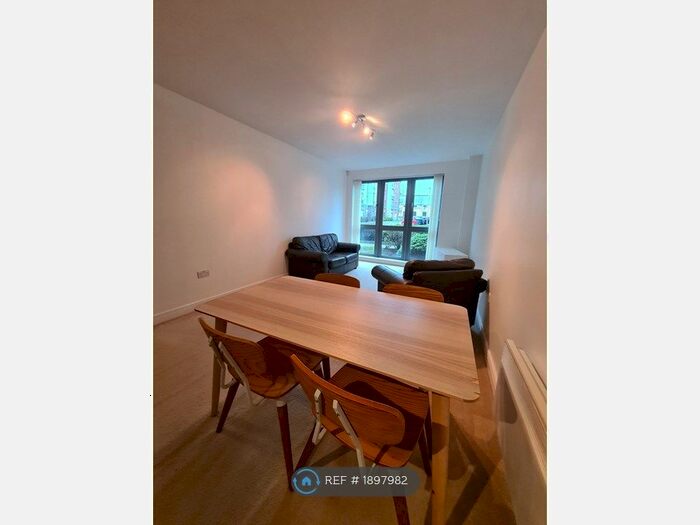 1 Bedroom Flat To Rent In Worsdell Drive, Gateshead, NE8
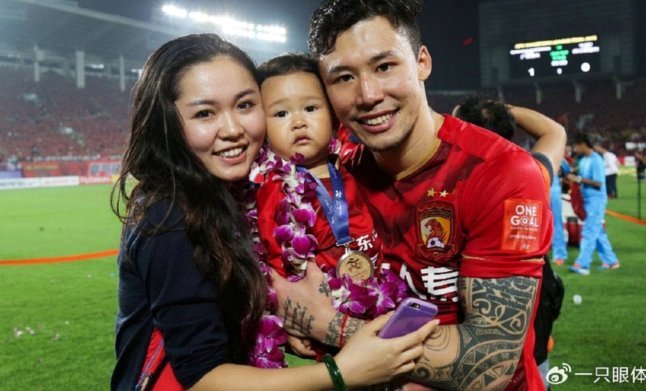 张琳芃辅导儿子作业，网友感叹里皮慧眼识珠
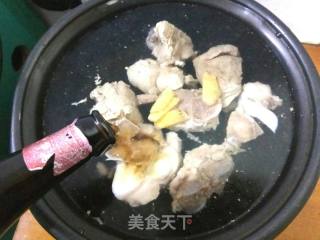 【苏州】茨菇烧大骨的做法步骤：2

◆ ◆ ◆ ◆

### HOW TO COMPLETE THIS TASK:
An exact copy of the material above is required, minus its images.

### RESPONSE BOX:
 1 Bedroom Flat To Rent In Worsdell Drive, Gateshead, NE8
 张琳芃辅导儿子作业，网友感叹里皮慧眼识珠
 【苏州】茨菇烧大骨的做法步骤：2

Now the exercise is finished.